Re: [PATCH v2] LoongArch: Define LOGICAL_OP_NON_SHORT_CIRCUIT.

Jiahao Xu Tue, 12 Dec 2023 22:17:36 -0800


在 2023/12/13 上午2:27, Xi Ruoyao 写道:

On Tue, 2023-12-12 at 20:39 +0800, Xi Ruoyao wrote:

On Tue, 2023-12-12 at 19:59 +0800, Jiahao Xu wrote:

I guess here the problem is floating-point compare instruction is much
more costly than other instructions but the fact is not correctly
modeled yet.  Could you try
https://gcc.gnu.org/pipermail/gcc-patches/2023-December/640012.html
where I've raised fp_add cost (which is used for estimating floating-
point compare cost) to 5 instructions and see if it solves your problem
without LOGICAL_OP_NON_SHORT_CIRCUIT?

I think this is not the same issue as the cost of floating-point
comparison instructions. The definition of LOGICAL_OP_NON_SHORT_CIRCUIT
affects how the short-circuit branch, such as (A AND-IF B), is executed,
and it is not directly related to the cost of floating-point comparison
instructions. I will try to test it using SPECCPU 2017.

The point is if the cost of floating-point comparison is very high, the
middle end *should* short cut floating-point comparisons even if
LOGICAL_OP_NON_SHORT_CIRCUIT = 1.

I've created https://gcc.gnu.org/PR112985.

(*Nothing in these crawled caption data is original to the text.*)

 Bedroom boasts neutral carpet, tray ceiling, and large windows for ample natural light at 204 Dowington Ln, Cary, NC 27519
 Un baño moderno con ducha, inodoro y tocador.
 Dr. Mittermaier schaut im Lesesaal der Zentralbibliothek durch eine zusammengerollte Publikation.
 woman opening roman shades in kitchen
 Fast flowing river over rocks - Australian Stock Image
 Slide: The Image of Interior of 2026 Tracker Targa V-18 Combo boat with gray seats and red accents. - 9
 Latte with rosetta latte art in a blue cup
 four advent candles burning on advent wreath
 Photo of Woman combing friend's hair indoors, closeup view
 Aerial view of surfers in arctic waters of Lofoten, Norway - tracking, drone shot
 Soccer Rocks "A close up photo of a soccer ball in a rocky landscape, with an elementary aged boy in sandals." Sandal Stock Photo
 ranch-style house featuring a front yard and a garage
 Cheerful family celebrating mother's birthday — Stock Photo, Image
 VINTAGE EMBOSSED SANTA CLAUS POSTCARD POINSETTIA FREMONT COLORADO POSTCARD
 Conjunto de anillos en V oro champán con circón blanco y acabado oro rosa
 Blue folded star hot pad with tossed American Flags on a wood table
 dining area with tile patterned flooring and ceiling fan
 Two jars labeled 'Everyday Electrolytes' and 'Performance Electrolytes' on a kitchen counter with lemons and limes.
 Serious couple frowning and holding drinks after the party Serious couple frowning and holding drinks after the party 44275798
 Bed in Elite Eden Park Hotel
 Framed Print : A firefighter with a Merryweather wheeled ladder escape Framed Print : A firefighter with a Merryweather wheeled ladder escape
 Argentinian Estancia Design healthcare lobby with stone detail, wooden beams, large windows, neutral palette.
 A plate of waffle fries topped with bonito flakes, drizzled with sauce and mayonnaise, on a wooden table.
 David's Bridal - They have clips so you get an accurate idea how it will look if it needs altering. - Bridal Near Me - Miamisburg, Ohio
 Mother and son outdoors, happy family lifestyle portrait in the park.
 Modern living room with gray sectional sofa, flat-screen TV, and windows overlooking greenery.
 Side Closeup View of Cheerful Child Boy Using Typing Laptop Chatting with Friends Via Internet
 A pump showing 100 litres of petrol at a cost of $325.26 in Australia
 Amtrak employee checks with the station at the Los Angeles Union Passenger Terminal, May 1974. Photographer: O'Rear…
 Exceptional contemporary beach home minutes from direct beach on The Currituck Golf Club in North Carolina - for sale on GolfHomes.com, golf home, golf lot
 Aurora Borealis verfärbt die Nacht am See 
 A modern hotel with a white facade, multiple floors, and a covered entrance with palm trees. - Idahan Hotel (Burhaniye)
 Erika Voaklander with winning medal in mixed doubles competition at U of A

Another factor regressing the code is we don't have modeled movcf2gr
instruction yet, so we are not really eliding the branches as
LOGICAL_OP_NON_SHORT_CIRCUIT = 1 supposes to do.

I made up this:

diff --git a/gcc/config/loongarch/loongarch.md 
b/gcc/config/loongarch/loongarch.md
index a5d0dcd65fe..84d828ebd0f 100644
--- a/gcc/config/loongarch/loongarch.md
+++ b/gcc/config/loongarch/loongarch.md
@@ -3169,6 +3169,42 @@ (define_insn "s<code>_<ANYF:mode>_using_FCCmode"
    [(set_attr "type" "fcmp")
     (set_attr "mode" "FCC")])

+(define_insn "movcf2gr<GPR:mode>"

+  [(set (match_operand:GPR 0 "register_operand" "=r")
+       (if_then_else:GPR (ne (match_operand:FCC 1 "register_operand" "z")
+                             (const_int 0))
+                         (const_int 1)
+                         (const_int 0)))]
+  "TARGET_HARD_FLOAT"
+  "movcf2gr\t%0,%1"
+  [(set_attr "type" "move")
+   (set_attr "mode" "FCC")])
+
+(define_expand "cstore<ANYF:mode>4"
+  [(set (match_operand:SI 0 "register_operand")
+       (match_operator:SI 1 "loongarch_fcmp_operator"
+         [(match_operand:ANYF 2 "register_operand")
+          (match_operand:ANYF 3 "register_operand")]))]
+  ""
+  {
+    rtx fcc = gen_reg_rtx (FCCmode);
+    rtx cmp = gen_rtx_fmt_ee (GET_CODE (operands[1]), FCCmode,
+                             operands[2], operands[3]);
+
+    emit_insn (gen_rtx_SET (fcc, cmp));
+    if (TARGET_64BIT)
+      {
+       rtx gpr = gen_reg_rtx (DImode);
+       emit_insn (gen_movcf2grdi (gpr, fcc));
+       emit_insn (gen_rtx_SET (operands[0],
+                               lowpart_subreg (SImode, gpr, DImode)));
+      }
+    else
+      emit_insn (gen_movcf2grsi (operands[0], fcc));
+
+    DONE;
+  })
+

  ;;
  ;;  ....................
diff --git a/gcc/config/loongarch/predicates.md 
b/gcc/config/loongarch/predicates.md
index 9e9ce58cb53..83fea08315c 100644
--- a/gcc/config/loongarch/predicates.md
+++ b/gcc/config/loongarch/predicates.md
@@ -590,6 +590,10 @@ (define_predicate "order_operator"
  (define_predicate "loongarch_cstore_operator"
    (match_code "ne,eq,gt,gtu,ge,geu,lt,ltu,le,leu"))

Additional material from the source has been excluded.